2) Get Work Experience
It is essential to have previous IT-related experience. Experience in programming, database security, and network administration are all important.
3) Learn key technical skills and knowledge
Effective penetration testers require knowledge and skills in the following:
- Security vulnerabilities
- Operating systems
- Networking and protocols such as TCP/IP or Domain Name System (DNS), are important.
- Physical security
- Server equipment
- Enterprise storage systems
4) Develop soft skills and abilities
The best way to increase the effectiveness of penetration testers is by demonstrating:
- Strong oral communication skills
- Skill in simplifying complex concepts
- Leadership skills
Important Certifications to become a Penetration Tester
Penetration testers’ career advancement and salaries can be affected by certifications. There are many sources that offer certifications for penetration testers. Below are some widely recognized certifications. You can read about each of them in detail here.
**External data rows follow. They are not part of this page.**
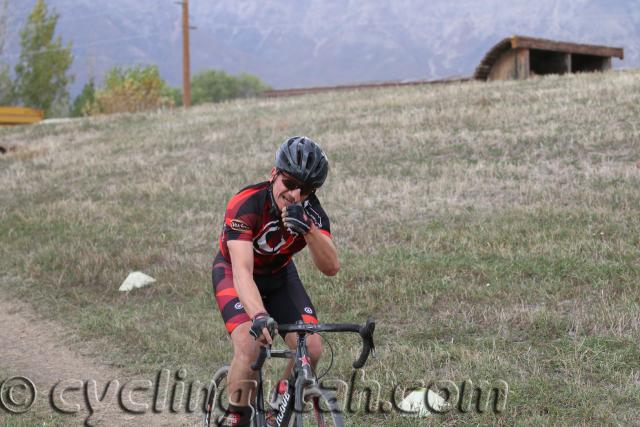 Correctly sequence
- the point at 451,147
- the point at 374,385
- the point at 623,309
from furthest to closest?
the point at 451,147 < the point at 623,309 < the point at 374,385

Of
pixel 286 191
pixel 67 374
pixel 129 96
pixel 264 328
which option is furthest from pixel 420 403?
pixel 129 96

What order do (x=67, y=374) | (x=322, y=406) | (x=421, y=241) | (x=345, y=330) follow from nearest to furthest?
1. (x=345, y=330)
2. (x=322, y=406)
3. (x=67, y=374)
4. (x=421, y=241)

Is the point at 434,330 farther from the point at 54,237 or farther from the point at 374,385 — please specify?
the point at 54,237

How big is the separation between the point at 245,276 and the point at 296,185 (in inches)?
25.4

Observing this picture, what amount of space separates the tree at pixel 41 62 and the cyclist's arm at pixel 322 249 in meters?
75.3

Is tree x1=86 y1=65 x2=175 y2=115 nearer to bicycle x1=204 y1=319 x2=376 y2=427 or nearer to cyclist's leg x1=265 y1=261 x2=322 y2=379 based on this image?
cyclist's leg x1=265 y1=261 x2=322 y2=379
- EC-Council Certified Ethical Hacker (CEH), a broad-ranging certification that covers different types of attack technology and security domains as well as hacking tools
- EC-Council Licensed Penetration Master (LPT) Master is for experts, which tests individuals’ ability to deal with real-life situations.
- IACRB Certified Penetration Tester, (CPT), focuses on specific penetration testing skills and knowledge in areas like web app vulnerabilities and network protocol attacks.
- IACRB Certified Expert Penetration Tester (CEPT), is for experts with high-level skills. It covers topics such as memory corruption and Windows shellcode.
- IACRB Certified Mobile App Penetration Tester (CMWAPT), focuses on mobile apps and mobile operating system.
- IACRB Certified Red Team Operations Professionals (CRTOP), focuses on large-scale and in-depth penetration testing
- CompTIA PenTest+ is a focus on the most recent test and assessment skills to help you with penetration testing
- GIAC Global Information Assurance Certification Penetration Tester (GPEN), focuses on best practices for penetration testing and legal issues related to penetration testing
- GIAC Exploit Researcher (GXPN), focuses on advanced penetration tests and the link between security flaws, business risks.
- Offensive Security Offensive Security Certified Professional, (OSCP), is a comprehensive, hands-on certification that was earned through real-world scenarios.
Strong cyber security is essential in today’s connected world. Everything, from smartphones to vehicles and watches to appliances and warehouse inventory equipment, is connected via a computer network. There is no better time to start for those who are keen on pursuing a career as a Penetration Tester.